之后就是“洞穴”的設計。為什么要有一個“洞穴”?除了契合書稿內容,我們更多的是想把封面作為一個分鏡,每一位讀者都是在“窺視”現場(《洞穴奇案》的封面設計主體就是一個喀斯特地貌的洞穴場景)——或者說,每一位讀者都是“洞穴食人案”中的第五個人。
“洞穴”的設計我們想更多地從中國古代水墨畫里尋找靈感,既保留了“歷史感”,符合東方審美,同時也增加了“文氣”。這一次,我們大膽使用了AI,給它“喂”了明代仇英的《桃源仙境圖》和一幅唐伯虎的畫,然后廣島在它生成的圖畫上進行修改。目前,對于AI繪圖,行業內也是眾說紛紜。

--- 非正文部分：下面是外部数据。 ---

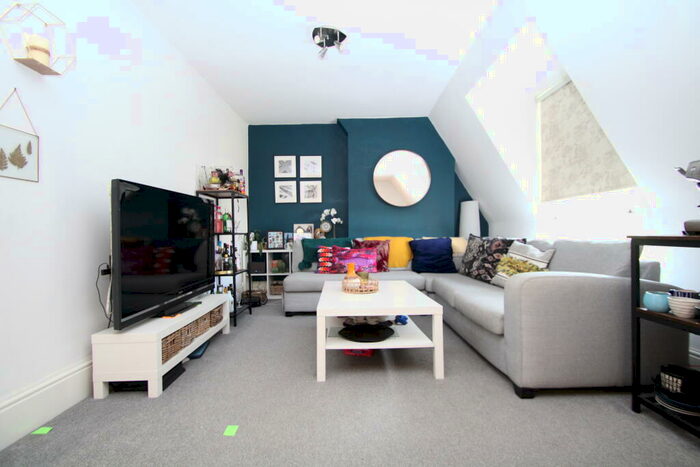 2 Bedroom Flat To Rent In Outram Road, Croydon, CR0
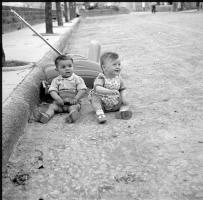 [Bambini ; Giovane donna in campagna ; Gruppo di persone davanti all'ingresso di una sartoria : 22 giugno 1949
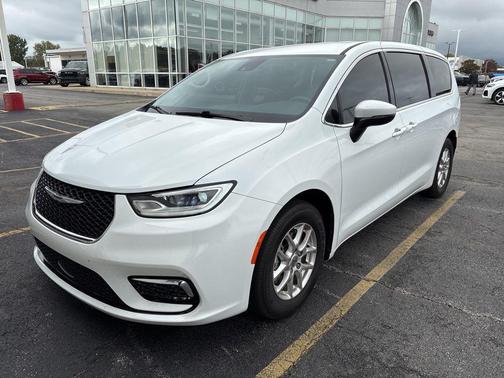 2023 Chrysler Pacifica Touring-L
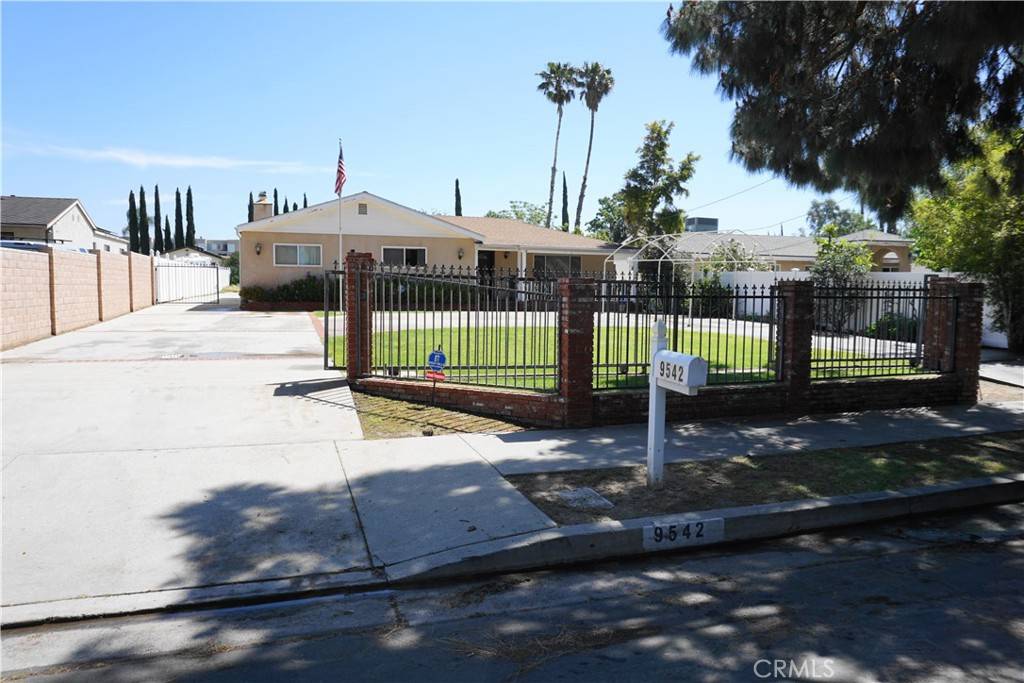 Northridge, CA 91324,9542 Yolanda AVE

但我們對它的使用還是停留在工具層面,它可以實現一定程度的素材供給或者輔助創意,但遠遠沒有辦法理解一本書或者說契合一家出版社出品的格調和氣質。譬如,不論是作者還是編輯、設計師、營銷,我們都在致力于講好一個故事,但在我看來,AI現階段還講不好一個故事——它只是個“縫合怪”,而縫合怪幾乎都是丑的。
《洞穴公案》出版兩個月后,就有多家出版社來咨詢版權合作。此后我們輸出了中國臺灣繁體版,臺版對這個設計非常認可,一并購買了封面版權。這還是我們第一次輸出封面版權。
大多時候我們可以選擇簡單、快捷、標準不出錯,但有些需要直面的,就必須迎頭。
一切的圖書出版都可以還原到具體的人,也只有還原到具體的人和事,或許才能凸顯出版的意義。《洞穴公案》的寫作和出版已經告一段落,但它的故事仍在繼續。